SOURCE INFORMATION Start Marker

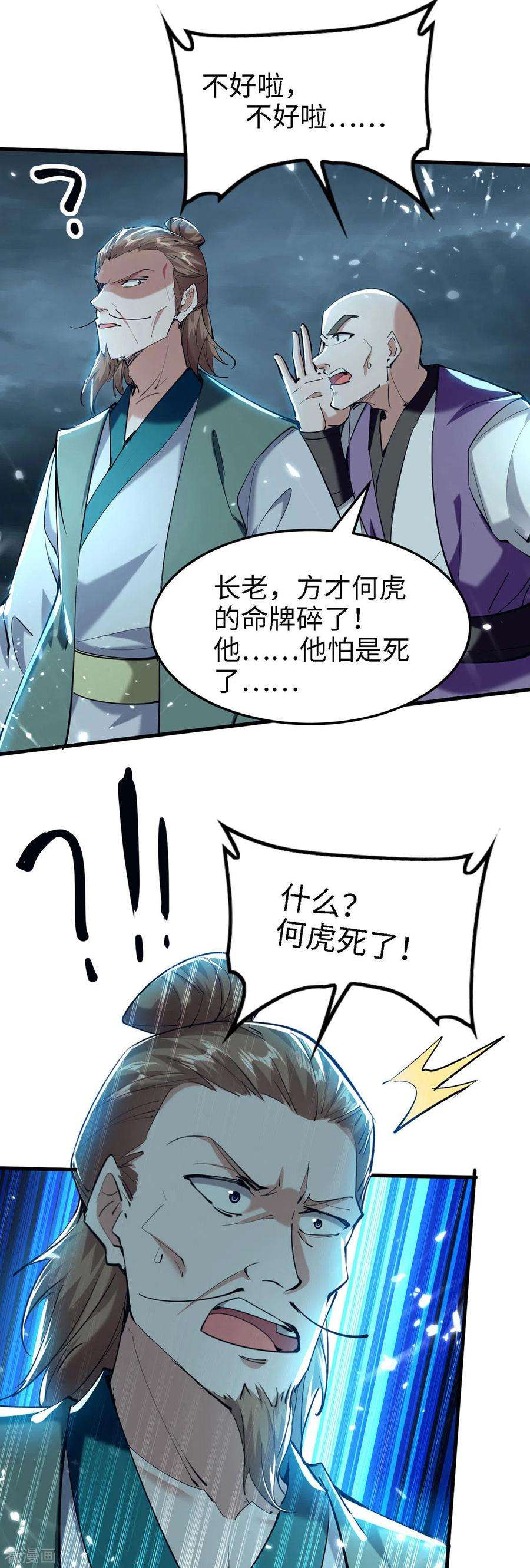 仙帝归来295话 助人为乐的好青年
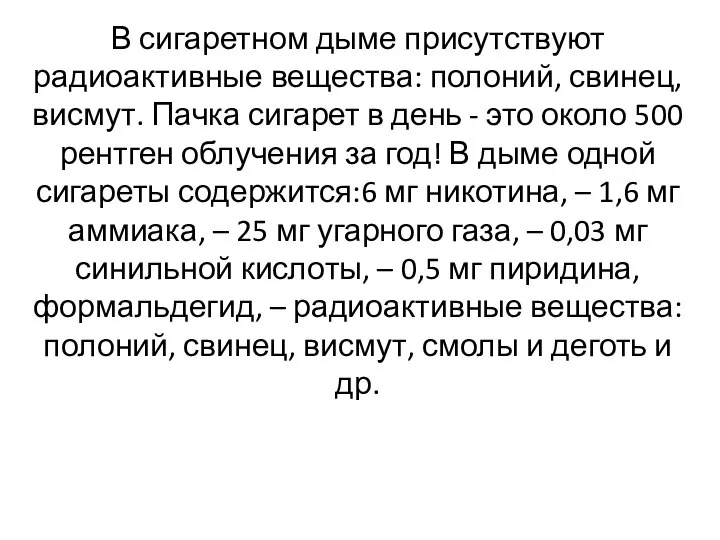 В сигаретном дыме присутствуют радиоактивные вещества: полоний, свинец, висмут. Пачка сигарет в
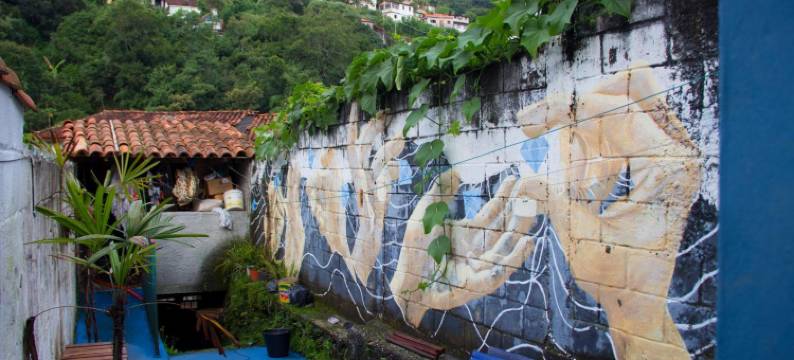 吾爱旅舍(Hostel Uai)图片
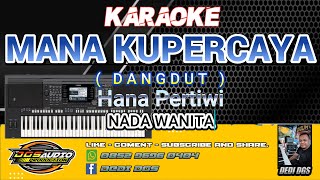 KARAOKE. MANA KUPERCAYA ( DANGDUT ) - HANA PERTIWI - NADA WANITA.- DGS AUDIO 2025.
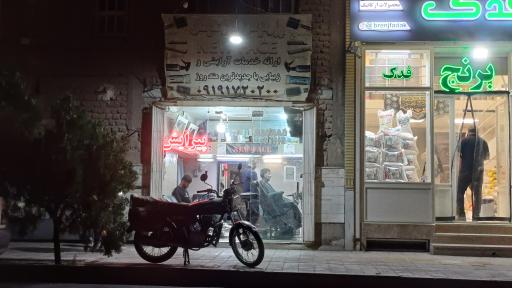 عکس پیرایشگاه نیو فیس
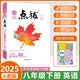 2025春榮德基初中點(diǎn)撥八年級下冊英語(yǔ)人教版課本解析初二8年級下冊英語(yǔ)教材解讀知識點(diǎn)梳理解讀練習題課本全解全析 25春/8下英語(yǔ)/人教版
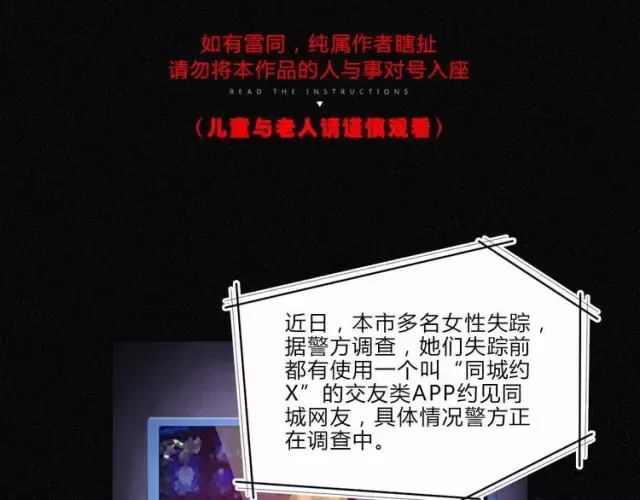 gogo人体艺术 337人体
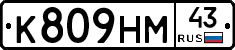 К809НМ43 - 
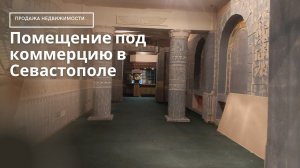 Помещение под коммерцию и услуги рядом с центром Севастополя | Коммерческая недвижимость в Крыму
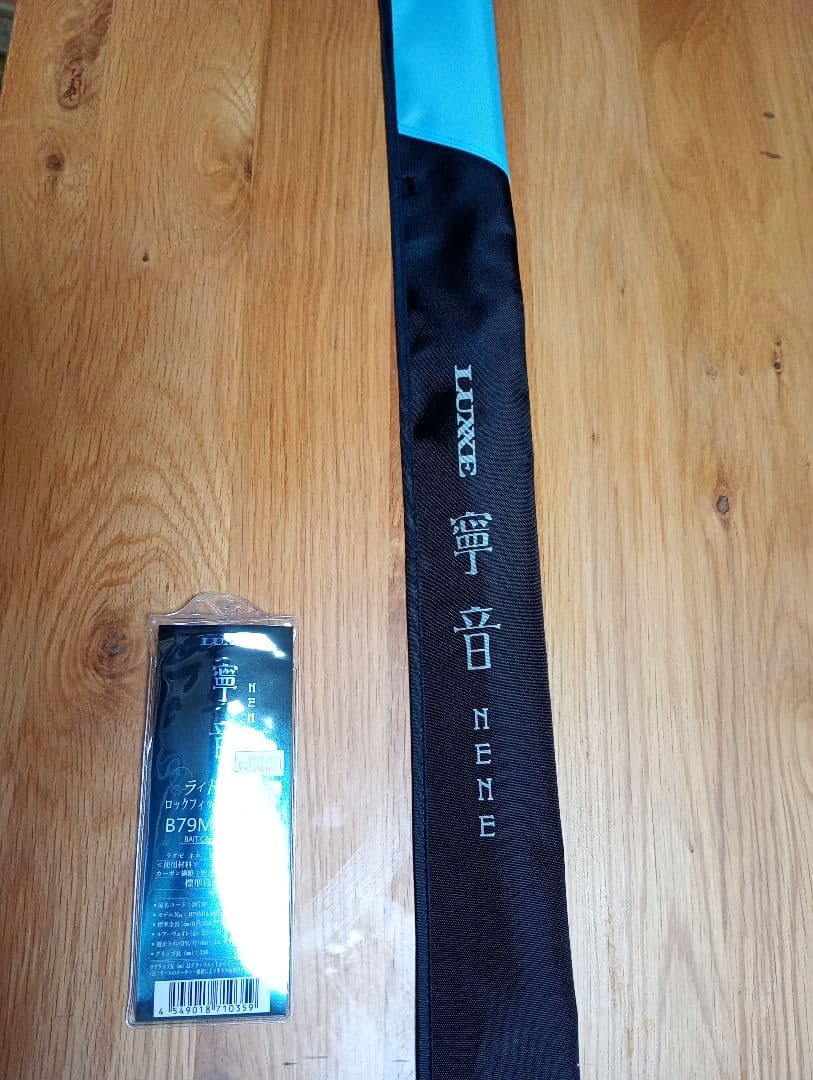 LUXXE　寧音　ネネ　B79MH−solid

SOURCE INFORMATION End Marker

▶ **EXERCISE DIRECTIONS**: Output, exactly and with no pictures, every line from the one that contains "吾爱旅舍(Hostel Uai)图片" through the final line of the entries.

▶ **RESULT**:
 吾爱旅舍(Hostel Uai)图片
 KARAOKE. MANA KUPERCAYA ( DANGDUT ) - HANA PERTIWI - NADA WANITA.- DGS AUDIO 2025.
 عکس پیرایشگاه نیو فیس
 2025春榮德基初中點(diǎn)撥八年級下冊英語(yǔ)人教版課本解析初二8年級下冊英語(yǔ)教材解讀知識點(diǎn)梳理解讀練習題課本全解全析 25春/8下英語(yǔ)/人教版
 gogo人体艺术 337人体
 К809НМ43 - 
 Помещение под коммерцию и услуги рядом с центром Севастополя | Коммерческая недвижимость в Крыму
 LUXXE　寧音　ネネ　B79MH−solid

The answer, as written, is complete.